The effects of dexamethasone on fetal heart rate variation are more complex than previously described with both a fall and an increase observed depending on the time at which heart rate variation was measured after injection. Dexamethasone also caused a significant fall in fetal PaO2, and although this was not to hypoxic levels in normoxic fetuses it does raise questions about the potential impact of dexamethasone on chronically hypoxic fetuses.
确定地塞米松对妊娠晚期绵羊胎儿心率、短期心率变异性、血压、呼吸运动和脑电活动、血气交换、代谢及肾上腺皮质功能的主要(0 - 12小时)和次要(12 - 24小时)影响。

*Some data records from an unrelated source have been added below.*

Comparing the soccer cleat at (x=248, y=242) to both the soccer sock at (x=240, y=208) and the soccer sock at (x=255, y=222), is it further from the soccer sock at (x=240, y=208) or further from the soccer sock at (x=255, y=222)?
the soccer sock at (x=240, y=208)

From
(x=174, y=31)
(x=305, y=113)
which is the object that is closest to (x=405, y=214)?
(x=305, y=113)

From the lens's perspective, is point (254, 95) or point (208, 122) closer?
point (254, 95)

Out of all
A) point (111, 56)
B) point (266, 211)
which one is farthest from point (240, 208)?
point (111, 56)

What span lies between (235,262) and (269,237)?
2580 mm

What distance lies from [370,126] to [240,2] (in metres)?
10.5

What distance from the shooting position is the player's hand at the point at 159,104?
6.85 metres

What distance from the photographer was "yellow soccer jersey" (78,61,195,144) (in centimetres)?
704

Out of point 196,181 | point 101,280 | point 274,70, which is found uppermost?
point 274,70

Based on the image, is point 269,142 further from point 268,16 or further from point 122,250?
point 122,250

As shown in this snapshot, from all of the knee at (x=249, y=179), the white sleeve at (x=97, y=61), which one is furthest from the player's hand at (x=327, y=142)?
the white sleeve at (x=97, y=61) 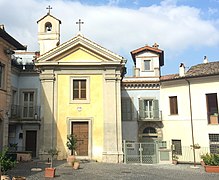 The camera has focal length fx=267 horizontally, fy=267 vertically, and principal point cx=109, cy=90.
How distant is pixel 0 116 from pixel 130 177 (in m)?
7.25

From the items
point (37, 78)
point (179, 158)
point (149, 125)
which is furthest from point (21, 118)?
point (179, 158)

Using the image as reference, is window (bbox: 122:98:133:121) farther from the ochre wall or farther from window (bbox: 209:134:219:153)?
window (bbox: 209:134:219:153)

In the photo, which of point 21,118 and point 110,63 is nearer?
point 110,63

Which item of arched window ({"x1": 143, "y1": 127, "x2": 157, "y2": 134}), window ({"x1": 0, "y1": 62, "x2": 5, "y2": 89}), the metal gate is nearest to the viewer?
window ({"x1": 0, "y1": 62, "x2": 5, "y2": 89})

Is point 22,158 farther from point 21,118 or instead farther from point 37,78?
point 37,78

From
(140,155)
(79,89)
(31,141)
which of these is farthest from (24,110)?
(140,155)

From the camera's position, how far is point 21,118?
21031mm

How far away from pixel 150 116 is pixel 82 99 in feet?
24.5

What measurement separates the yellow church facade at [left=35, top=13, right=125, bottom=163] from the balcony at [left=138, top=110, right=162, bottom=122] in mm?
5220

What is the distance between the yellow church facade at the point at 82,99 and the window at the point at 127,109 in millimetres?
4933

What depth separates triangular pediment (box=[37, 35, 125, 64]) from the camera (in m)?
19.7

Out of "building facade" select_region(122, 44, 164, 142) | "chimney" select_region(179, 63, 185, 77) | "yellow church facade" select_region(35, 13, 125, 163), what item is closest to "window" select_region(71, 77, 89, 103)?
"yellow church facade" select_region(35, 13, 125, 163)

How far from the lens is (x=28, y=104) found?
73.2 feet

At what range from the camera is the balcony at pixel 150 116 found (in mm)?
23562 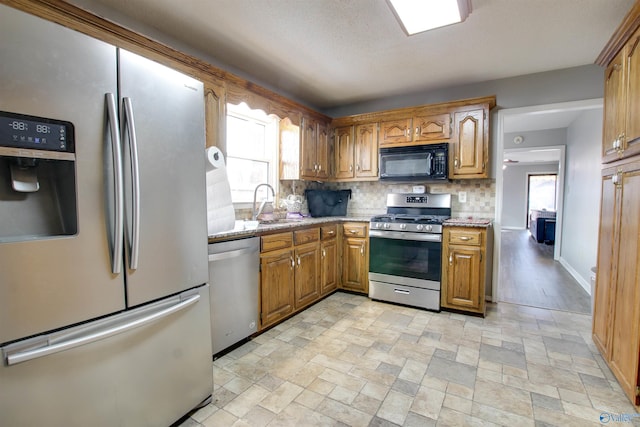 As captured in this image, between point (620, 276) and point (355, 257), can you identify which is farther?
point (355, 257)

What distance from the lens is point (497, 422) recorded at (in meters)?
1.61

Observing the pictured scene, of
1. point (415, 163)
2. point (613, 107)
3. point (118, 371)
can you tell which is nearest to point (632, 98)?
point (613, 107)

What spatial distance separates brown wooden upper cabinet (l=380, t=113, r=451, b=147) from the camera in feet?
11.2

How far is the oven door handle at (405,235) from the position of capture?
3.13 m

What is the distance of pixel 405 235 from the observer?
3.28 metres

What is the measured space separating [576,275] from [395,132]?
3440 millimetres

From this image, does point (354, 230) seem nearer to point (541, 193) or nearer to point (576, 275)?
point (576, 275)

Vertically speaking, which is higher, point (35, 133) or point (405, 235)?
point (35, 133)

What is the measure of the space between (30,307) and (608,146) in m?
3.34

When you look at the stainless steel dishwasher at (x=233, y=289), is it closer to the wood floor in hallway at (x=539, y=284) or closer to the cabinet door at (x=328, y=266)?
the cabinet door at (x=328, y=266)

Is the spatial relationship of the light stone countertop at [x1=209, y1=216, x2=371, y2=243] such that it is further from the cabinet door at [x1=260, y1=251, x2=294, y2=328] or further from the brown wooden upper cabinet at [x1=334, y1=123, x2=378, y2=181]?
the brown wooden upper cabinet at [x1=334, y1=123, x2=378, y2=181]

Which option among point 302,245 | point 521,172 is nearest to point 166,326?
point 302,245

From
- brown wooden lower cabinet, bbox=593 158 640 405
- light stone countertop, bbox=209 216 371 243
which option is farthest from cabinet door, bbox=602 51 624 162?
light stone countertop, bbox=209 216 371 243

比较单次经母体肌肉注射地塞米松(12毫克)与注射前1小时至注射后24小时注射生理盐水载体的效果。连续记录胎儿心血管和行为参数。定期采集胎儿和母体血样以测量血气、葡萄糖和乳酸、皮质醇及促肾上腺皮质激素。
16只妊娠127 - 133天(足月约147天)的慢性仪器监测单胎绵羊胎儿。
在主要阶段,短期心率变异性下降(P < 0.001),这与胎儿呼吸运动发生率短暂下降、胎儿心率下降及胎儿血压升高有关。到12小时时,短期心率变异性显著增加(P < 0.001)且胎儿心率上升,但血压和胎儿呼吸运动已恢复正常。在实验的大部分时间里,地塞米松显著降低胎儿动脉血氧分压,尤其是注射后1小时(P < 0.005)。胎儿和母体血浆皮质醇及促肾上腺皮质激素浓度在注射后1小时显著下降。
地塞米松对胎儿心率变异性的影响比先前描述的更为复杂,根据注射后测量心率变异性的时间不同,观察到既有下降又有增加。地塞米松还导致胎儿动脉血氧分压显著下降,尽管在正常氧合胎儿中未降至缺氧水平,但这确实引发了关于地塞米松对慢性缺氧胎儿潜在影响的问题。